Più assente che presente il centrocampista laziale: ora vuole almeno chiudere bene.

L’ultima stagione di Rovella è frammentata, interrotta, segnata da infortuni e stop continui. Una stagione “disgraziata”, con solo 548 minuti giocati fin qui, troppo pochi per incidere davvero, troppo pochi per sentirsi protagonista. Eppure, proprio adesso, quando tutto sembra ormai scritto, c’è un derby all’orizzonte che fornisce una minima possibilità di riscatto. Contro la Roma, riporta il Corriere dello Sport, il mediano può tornare titolare. Non è solo una scelta tecnica, è quasi una necessità. Patric non è al meglio dopo l’indurimento al polpaccio accusato negli ultimi giorni, Cataldi continua a fare i conti con la tendinopatia agli adduttori e difficilmente potrà garantire una gara intera. Così, Sarri si affida a chi ha più fame di tutti.

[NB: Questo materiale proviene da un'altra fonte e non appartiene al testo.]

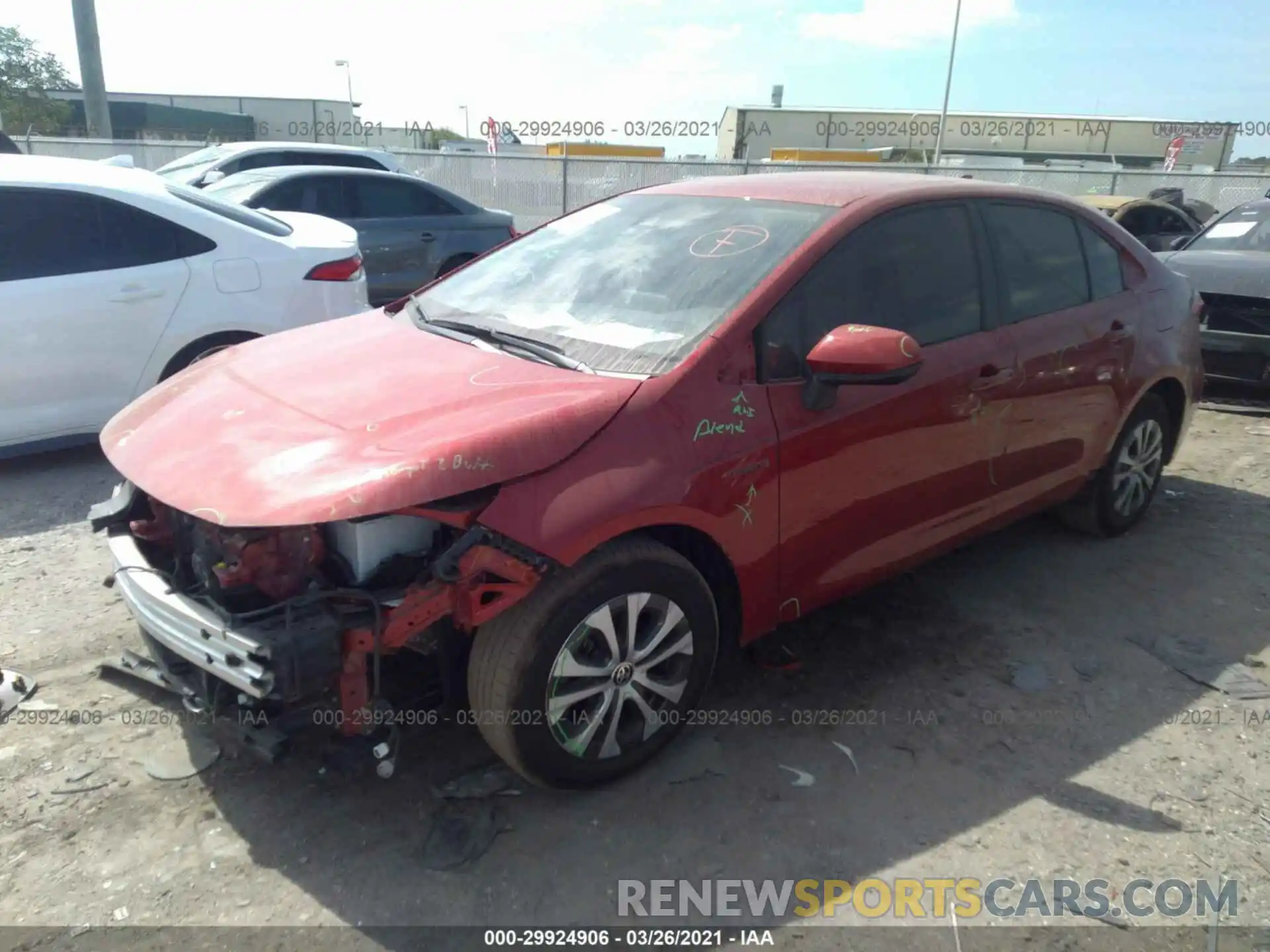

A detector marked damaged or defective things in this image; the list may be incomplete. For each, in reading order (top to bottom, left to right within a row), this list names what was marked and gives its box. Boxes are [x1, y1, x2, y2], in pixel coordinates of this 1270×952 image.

crumpled front end [89, 479, 545, 762]
dented hood [101, 311, 640, 529]
damaged red sedan [89, 173, 1201, 788]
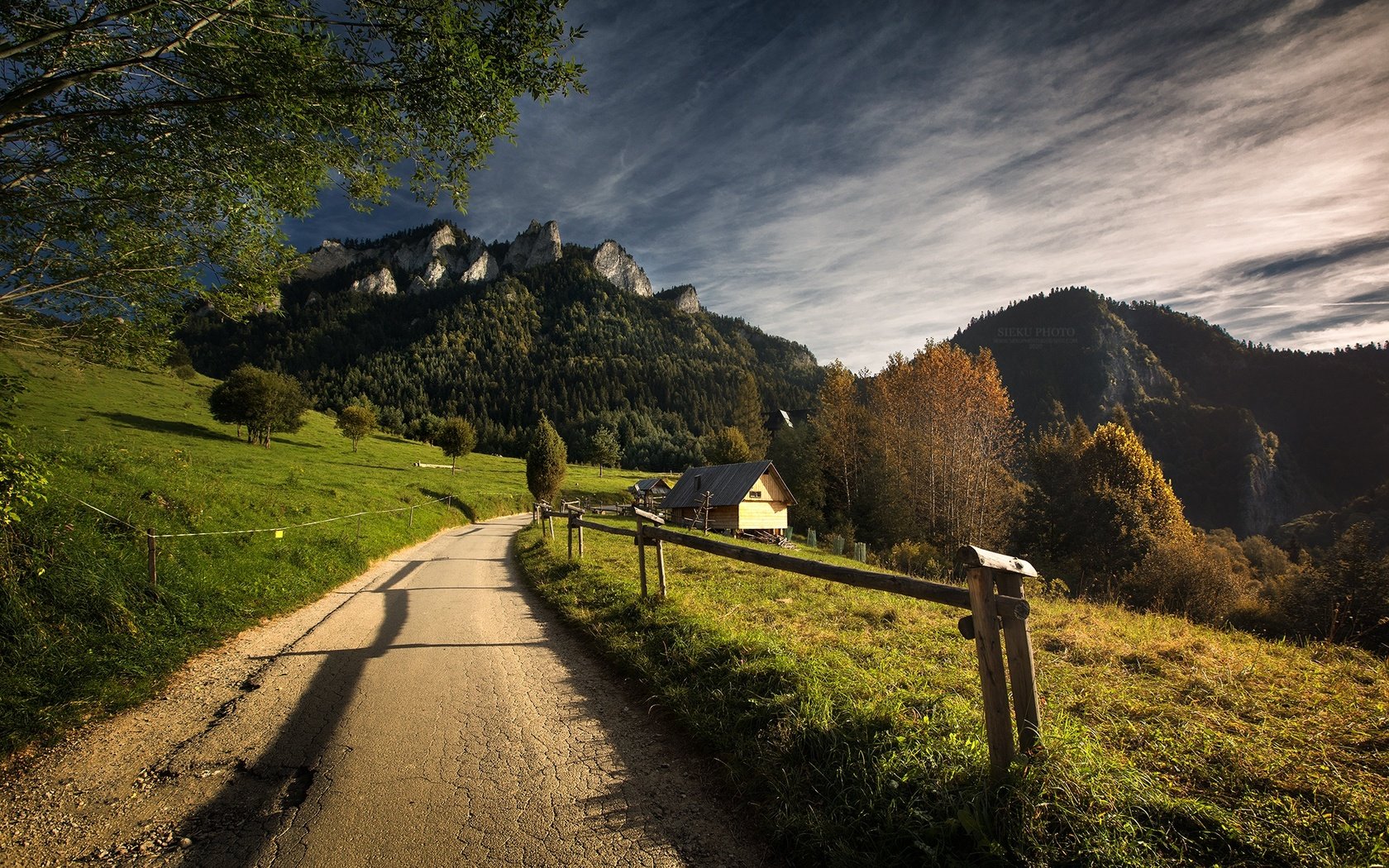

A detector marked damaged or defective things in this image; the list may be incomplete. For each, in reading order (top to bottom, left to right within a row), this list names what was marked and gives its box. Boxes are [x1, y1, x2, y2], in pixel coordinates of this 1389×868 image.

cracked pavement [0, 513, 771, 860]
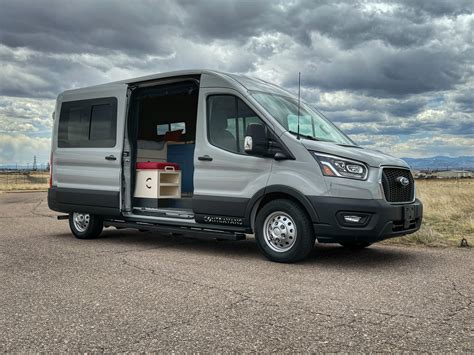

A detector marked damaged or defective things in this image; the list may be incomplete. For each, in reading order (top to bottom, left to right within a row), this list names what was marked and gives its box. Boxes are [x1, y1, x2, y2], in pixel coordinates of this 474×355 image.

cracked asphalt [0, 193, 472, 354]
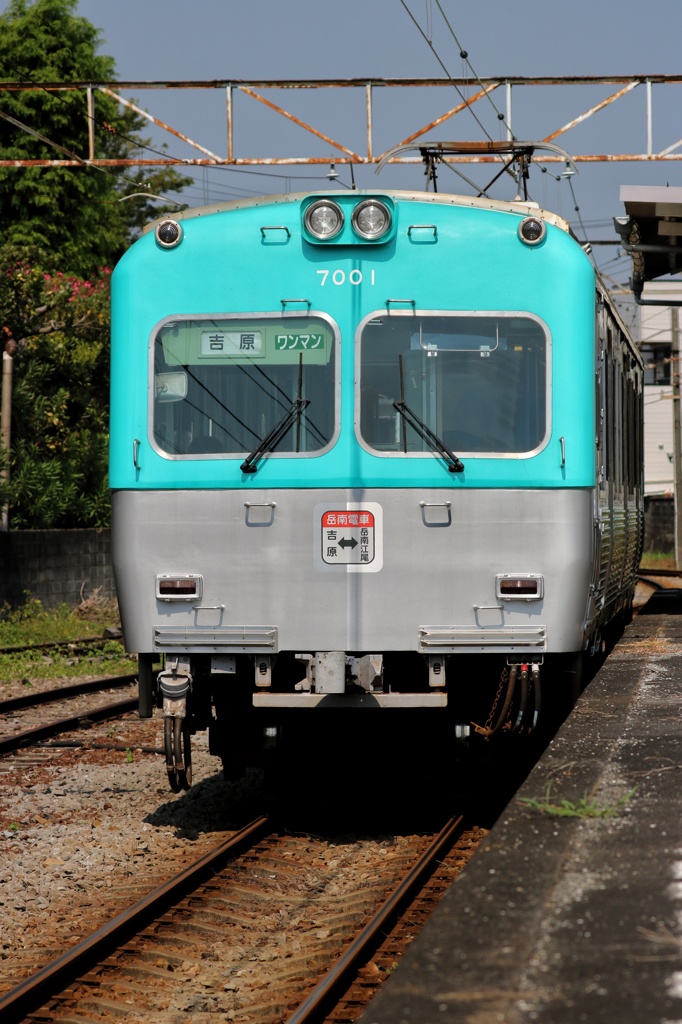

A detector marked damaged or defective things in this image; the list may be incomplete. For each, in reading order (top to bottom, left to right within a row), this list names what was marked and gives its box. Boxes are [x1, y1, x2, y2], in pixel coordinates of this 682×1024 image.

rusty metal gantry [2, 74, 680, 172]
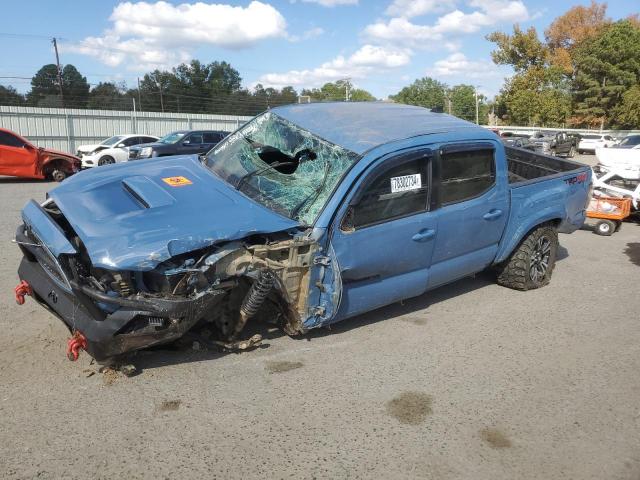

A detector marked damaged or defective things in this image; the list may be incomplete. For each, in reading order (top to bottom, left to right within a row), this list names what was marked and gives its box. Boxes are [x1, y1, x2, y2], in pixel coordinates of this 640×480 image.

damaged front end [15, 198, 324, 360]
crumpled hood [48, 157, 302, 270]
shattered windshield [205, 112, 360, 225]
broken glass [205, 112, 360, 225]
wrecked blue pickup truck [15, 103, 592, 362]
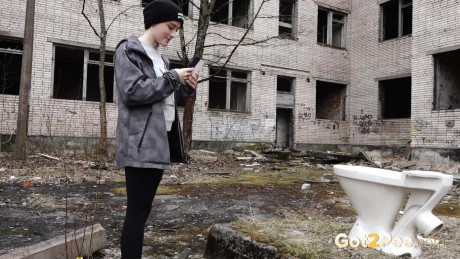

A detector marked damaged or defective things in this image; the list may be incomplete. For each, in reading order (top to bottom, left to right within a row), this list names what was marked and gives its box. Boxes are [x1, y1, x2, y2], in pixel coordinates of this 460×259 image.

È una sfida che sente, che vive con un’intensità diversa. Ed è proprio qui che si nasconde la sua occasione di riscatto. Non potrà cancellare una stagione complicata (per lui e per la Lazio in generale), ma potrà lasciare un segno, dare un senso diverso a questi mesi difficili. È una Lazio stanca, provata, che arriva al derby con più dubbi che certezze. Ma proprio in queste situazioni, conclude il quotidiano, Mau chiede risposte, soprattutto a chi ha avuto meno spazio. E Rovella è il primo della lista. Nella sfida con la Roma ha l’occasione di riprendersi qualcosa. Non tutto, ma abbastanza per cambiare il finale della sua storia stagionale.